Hausangestellte werden aufgrund ihrer Arbeitsbedingungen als schwer zu deckende Gruppe betrachtet, da sie oft durch die Maschen des Arbeitsrechts fallen und dann von einer Mitgliedschaft in beitragspflichtigen Systemen ausgeschlossen sind. Die IAO geht davon aus, dass von den 67 Millionen Hausangestellten weltweit insgesamt 60 Millionen keinen Zugang zu sozialer Sicherheit haben (IAO, 2016).

Bei der Ausweitung der gesetzlichen Deckung von Systemen der sozialen Sicherheit auf Hausangestellte werden zwei Ziele verfolgt: Der Deckungsumfang zuvor ungedeckter Gruppen soll vergrößert werden, und gleichzeitig sollen Frauen einen besseren Zugang zu sozialer Sicherheit erhalten, da sie in diesem Sektor stark übervertreten sind.

Eine weitere Arbeitnehmerkategorie, die oft von beitragspflichtigen Systemen ausgeschlossen ist, sind freischaffende Künstler und Kulturschaffende. Der geringe Deckungsgrad bei dieser Gruppe ist auf die besonderen Erwerbsumstände zurückzuführen, die durch einen hohen Anteil befristeter Arbeit und Gelegenheitsarbeit (Behrendt und Nguyen, 2018), selbstständiger Arbeit und unregelmäßiger Einkünfte gekennzeichnet sind.
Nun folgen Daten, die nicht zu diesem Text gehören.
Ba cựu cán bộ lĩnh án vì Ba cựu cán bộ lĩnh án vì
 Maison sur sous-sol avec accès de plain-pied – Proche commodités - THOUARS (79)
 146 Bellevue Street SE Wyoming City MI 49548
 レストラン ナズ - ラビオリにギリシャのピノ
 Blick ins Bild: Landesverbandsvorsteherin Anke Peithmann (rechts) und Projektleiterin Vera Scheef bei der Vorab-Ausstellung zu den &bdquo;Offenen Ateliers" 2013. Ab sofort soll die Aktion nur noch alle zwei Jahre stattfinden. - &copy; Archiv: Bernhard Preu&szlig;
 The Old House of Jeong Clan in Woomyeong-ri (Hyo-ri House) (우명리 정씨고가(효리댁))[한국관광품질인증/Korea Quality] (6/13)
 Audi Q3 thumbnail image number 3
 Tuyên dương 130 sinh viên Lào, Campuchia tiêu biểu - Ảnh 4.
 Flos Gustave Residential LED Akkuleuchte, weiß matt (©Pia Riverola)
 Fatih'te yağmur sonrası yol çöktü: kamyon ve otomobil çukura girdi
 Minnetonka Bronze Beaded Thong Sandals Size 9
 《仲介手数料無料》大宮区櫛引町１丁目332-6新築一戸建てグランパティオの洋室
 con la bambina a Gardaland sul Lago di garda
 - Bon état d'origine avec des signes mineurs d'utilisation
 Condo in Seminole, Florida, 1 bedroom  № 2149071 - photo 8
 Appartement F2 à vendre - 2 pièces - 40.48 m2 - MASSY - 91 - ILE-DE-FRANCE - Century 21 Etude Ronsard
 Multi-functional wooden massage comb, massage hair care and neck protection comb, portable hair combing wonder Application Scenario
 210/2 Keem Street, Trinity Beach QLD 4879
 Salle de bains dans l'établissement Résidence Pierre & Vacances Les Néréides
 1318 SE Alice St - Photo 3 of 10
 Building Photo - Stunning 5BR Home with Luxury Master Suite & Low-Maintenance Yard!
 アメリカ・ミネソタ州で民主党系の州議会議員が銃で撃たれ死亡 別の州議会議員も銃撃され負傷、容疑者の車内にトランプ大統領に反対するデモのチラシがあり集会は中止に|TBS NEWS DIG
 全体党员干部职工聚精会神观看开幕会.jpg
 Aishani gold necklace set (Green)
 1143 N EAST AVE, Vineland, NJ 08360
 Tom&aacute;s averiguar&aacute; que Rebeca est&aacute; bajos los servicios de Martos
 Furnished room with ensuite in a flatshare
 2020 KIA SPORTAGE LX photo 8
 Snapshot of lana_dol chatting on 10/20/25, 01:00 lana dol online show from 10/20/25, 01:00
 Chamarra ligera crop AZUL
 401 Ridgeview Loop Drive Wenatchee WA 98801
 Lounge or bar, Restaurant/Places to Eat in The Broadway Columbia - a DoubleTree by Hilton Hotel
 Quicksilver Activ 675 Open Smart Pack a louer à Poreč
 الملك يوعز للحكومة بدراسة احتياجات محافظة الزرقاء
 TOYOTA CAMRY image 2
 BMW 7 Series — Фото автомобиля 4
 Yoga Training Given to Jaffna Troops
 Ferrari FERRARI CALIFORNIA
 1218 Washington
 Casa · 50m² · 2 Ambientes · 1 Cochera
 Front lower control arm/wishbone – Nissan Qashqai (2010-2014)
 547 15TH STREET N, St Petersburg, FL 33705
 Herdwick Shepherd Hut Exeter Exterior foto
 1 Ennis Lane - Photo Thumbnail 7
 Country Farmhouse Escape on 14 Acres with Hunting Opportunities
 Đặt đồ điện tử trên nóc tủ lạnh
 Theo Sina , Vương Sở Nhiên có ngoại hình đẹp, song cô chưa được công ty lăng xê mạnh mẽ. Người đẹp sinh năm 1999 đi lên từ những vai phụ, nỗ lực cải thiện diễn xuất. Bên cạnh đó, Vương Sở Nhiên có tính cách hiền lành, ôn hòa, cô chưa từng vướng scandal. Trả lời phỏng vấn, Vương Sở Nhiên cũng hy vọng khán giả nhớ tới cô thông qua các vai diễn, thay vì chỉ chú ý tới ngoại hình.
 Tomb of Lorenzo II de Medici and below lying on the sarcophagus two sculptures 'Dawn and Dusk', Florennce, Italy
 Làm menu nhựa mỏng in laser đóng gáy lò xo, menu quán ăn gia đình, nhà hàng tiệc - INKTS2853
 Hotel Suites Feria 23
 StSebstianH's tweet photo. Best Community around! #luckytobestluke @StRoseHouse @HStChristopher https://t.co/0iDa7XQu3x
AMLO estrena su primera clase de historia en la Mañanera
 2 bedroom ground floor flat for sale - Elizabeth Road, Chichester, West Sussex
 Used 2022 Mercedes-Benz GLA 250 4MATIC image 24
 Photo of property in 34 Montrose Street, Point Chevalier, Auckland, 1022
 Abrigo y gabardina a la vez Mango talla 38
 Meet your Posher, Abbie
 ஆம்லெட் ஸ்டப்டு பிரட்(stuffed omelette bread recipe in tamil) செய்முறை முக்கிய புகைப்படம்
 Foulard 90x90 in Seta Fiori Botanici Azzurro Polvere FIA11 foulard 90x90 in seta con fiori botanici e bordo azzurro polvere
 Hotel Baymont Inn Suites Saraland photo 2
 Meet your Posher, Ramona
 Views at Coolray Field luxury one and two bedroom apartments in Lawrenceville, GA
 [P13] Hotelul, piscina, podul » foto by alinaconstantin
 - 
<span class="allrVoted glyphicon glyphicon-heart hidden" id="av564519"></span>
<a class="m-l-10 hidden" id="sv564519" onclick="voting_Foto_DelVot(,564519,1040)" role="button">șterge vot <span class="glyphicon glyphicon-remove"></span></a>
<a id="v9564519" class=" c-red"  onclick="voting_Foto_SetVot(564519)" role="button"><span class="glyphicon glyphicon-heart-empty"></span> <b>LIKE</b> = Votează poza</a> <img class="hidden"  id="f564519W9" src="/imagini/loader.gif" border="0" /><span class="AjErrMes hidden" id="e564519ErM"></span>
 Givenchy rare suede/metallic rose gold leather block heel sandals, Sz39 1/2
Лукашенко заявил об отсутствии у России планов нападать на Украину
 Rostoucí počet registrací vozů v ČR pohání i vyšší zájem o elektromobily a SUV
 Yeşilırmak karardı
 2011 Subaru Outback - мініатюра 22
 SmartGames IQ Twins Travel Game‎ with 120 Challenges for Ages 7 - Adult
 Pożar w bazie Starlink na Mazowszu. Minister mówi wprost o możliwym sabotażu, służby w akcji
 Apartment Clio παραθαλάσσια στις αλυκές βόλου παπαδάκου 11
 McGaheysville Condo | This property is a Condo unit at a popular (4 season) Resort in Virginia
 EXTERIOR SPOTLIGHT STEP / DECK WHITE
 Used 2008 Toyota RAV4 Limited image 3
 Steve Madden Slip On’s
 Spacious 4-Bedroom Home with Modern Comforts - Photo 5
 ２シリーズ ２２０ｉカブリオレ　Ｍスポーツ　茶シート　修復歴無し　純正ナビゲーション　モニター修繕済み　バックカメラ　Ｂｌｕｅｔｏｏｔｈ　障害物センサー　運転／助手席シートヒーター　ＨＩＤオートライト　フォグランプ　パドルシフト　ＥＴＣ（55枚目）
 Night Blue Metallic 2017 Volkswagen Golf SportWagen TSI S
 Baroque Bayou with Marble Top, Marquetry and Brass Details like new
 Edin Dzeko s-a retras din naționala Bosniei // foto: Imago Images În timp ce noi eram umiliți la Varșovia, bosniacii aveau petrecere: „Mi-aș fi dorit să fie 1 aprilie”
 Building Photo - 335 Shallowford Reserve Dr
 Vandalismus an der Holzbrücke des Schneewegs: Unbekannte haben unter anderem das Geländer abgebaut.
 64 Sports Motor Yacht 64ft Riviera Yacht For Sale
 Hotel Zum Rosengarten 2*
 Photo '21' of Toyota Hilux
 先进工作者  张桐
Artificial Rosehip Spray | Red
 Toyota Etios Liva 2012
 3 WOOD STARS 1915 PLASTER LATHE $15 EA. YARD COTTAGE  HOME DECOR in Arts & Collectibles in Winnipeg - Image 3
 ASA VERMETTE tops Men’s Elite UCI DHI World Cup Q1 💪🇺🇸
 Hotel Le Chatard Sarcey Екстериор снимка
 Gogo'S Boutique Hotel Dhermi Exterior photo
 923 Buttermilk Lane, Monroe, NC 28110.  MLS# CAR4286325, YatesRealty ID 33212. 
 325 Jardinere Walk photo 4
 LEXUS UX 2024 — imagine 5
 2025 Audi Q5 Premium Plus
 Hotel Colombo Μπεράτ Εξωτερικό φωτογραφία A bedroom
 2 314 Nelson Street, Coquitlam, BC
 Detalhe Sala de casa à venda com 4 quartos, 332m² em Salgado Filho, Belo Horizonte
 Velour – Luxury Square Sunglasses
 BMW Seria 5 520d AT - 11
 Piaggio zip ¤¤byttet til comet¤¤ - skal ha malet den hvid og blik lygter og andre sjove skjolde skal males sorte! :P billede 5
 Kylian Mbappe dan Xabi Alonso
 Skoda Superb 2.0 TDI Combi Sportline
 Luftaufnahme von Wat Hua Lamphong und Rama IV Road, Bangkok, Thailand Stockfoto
Ein erster Schritt zum Schließen der Deckungslücken besteht darin, die beitragspflichtigen Systeme auf Personen auszuweiten, die über ausreichende Mittel für eine Beitragszahlung verfügen. Außerdem wird durch solche Maßnahmen die Basis beitragszahlender Mitglieder erhöht, was wiederum die finanzielle Tragfähigkeit verbessert.

Für die Beseitigung der rechtlichen Hindernisse für die Beitragsentrichtung durch bestimmte Gruppen sind Gesetzesänderungen erforderlich, die außerhalb der Reichweite der Institutionen der sozialen Sicherheit liegen. Sobald jedoch der rechtliche Rahmen neu gestaltet ist, hängt die erfolgreiche Umsetzung solcher Maßnahmen stark davon ab, wie schnell die verschiedenen Institutionen, die an der Verwaltung und Kontrolle dieser Programme beteiligt sind, reagieren und wie gut sie sich untereinander abstimmen können.
Die entsprechende gute Praxis aus Kolumbien, Mexiko und Uruguay beruht auf unterschiedlichen Strategien, die von den Institutionen der sozialen Sicherheit zur Ausweitung der Deckung bestehender beitragspflichtiger Systeme auf Selbstständige, Hausangestellte und informell Beschäftigte der sogenannten Kreativwirtschaft umgesetzt wurden.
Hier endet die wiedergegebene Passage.